As public health increasingly moves toward automated capture, lab data are becoming an invaluable asset for public health agencies. However, a major challenge emerges when the code sets for lab test names appear differently from one information system to another, and the raw data inputs from different labs are of poor quality. Building on top of the issue, we bring up our core question:

Given two lab test inputs (raw names), can we harmonize the same type (grouper)? For example, a raw name ACT PARTIAL THROMBOPLASTIN TIME (BKR) belongs to a grouper type of aptt.

What is Harmonization?

Harmonization is essentially a process of NLP deduplication. In this project, we attempt to:

  • Match messy lab test data of poor quality
  • Identify the same test type based on texts provided by the structured dataset
  • Validate the process of cross-connection between different datasets or test representations

Part I: Text-Space Matching

✨ Find details HERE

  • Generate test names embeddings with Bio-BERT, a BERT architecture pretrained on biomedical corpora.
  • Compare cosine similarity between raw names and groupers embeddings within identified ground-truth data and match each unique raw name with the grouper representing the highest similarity in cross-comparison.
  • Evaluations and diagnosis on the model performance show that our current Bio-BERT structure performs well on linking specific groupers label (such as bilirubin, fibrinogen, and hematocrit) to raw names with high AUC scores and clear similarity threshold to separate the grouper vs. non-grouper.

Part II: Text-Numeric Concatenated Matching

✨ Find details HERE

  • Incorporate numeric test result for each unique raw names in the lab database for accuracy, calculate a 7-dimension statistics (minimum, 25 th percentile, median, 75 th percentile, maximum, mean, and standard deviation) based on observations within each raw name and grouper label for numeric embeddings, and repeat the cross-comparison and AUC evaluation process.
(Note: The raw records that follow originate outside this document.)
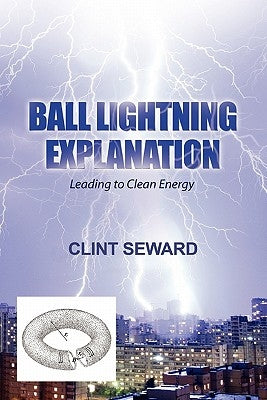 Ball Lightning Explanation by Seward, Clint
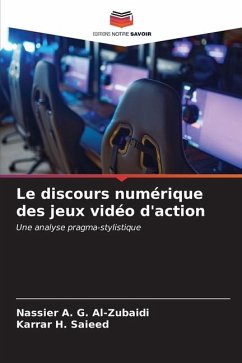 Le discours numérique des jeux vidéo d'action - A. G. Al-Zubaidi, Nassier;Saieed, Karrar H.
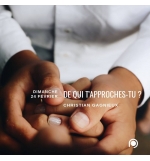 De qui t’approches-tu ? Et pourquoi ? - Christian Gagnieux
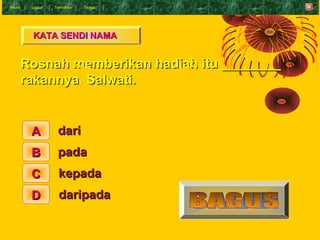 Menu    Undur   T eruskan   Tamat




        KATA SENDI NAMA


       Rosnah memberikan hadiah itu ________
       rakann...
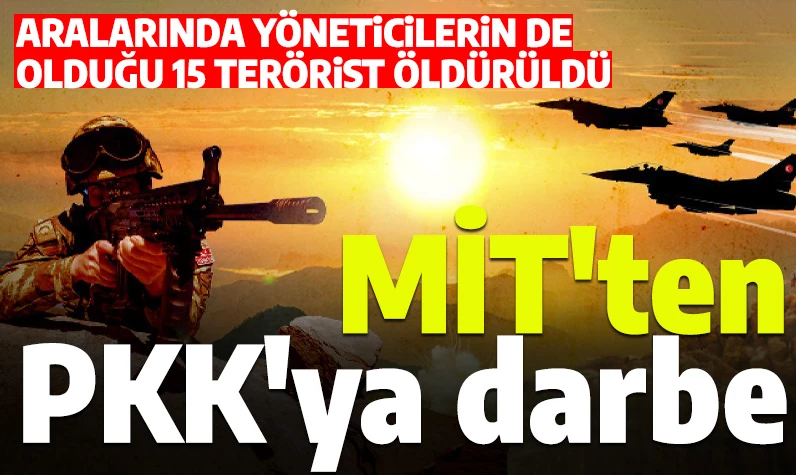 Son dakika: MİT'ten Hakurk'ta terör operasyonu! 15 terörist imha edildi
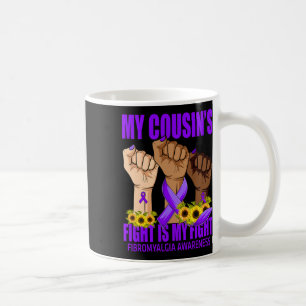 Mug Le combat de My Cousin est mon combat Fibromyalgie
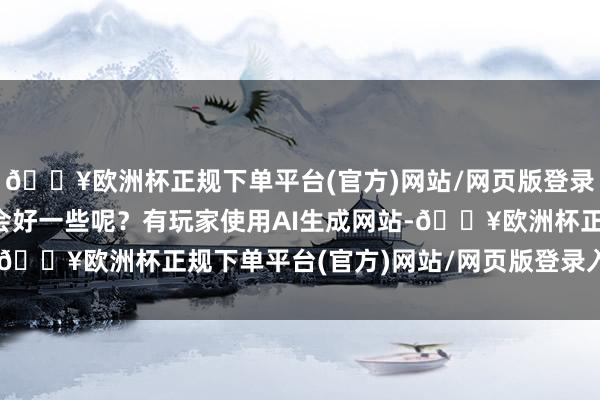 🔥欧洲杯正规下单平台(官方)网站/网页版登录入口/手机版形象会不会好一些呢?有玩家使用AI生成网站-🔥欧洲杯正规下单平台(官方)网站/网页版登录入口/手机版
The legitimacy of numeric embeddings has been pre-evaluated by two-component PCA.
  • Concatenate both numeric and text embeddings to evaluate the full performance of the model.

poster

Results

Based on numeric-only embeddings, we show that the ability for linking raw names to correct labels is effective for some groupers but limited to relatively low predictive performance for others.

With the addition of text embeddings from Bio-BERT, the full model yields high-performing ability in identification and linkage, capturing both the distribution characteristics of numeric test results and the semantic meaning of the biomedical text labels. This indicates a promising results on the integrative method to include more essential information while avoiding overfitting on the current dataset.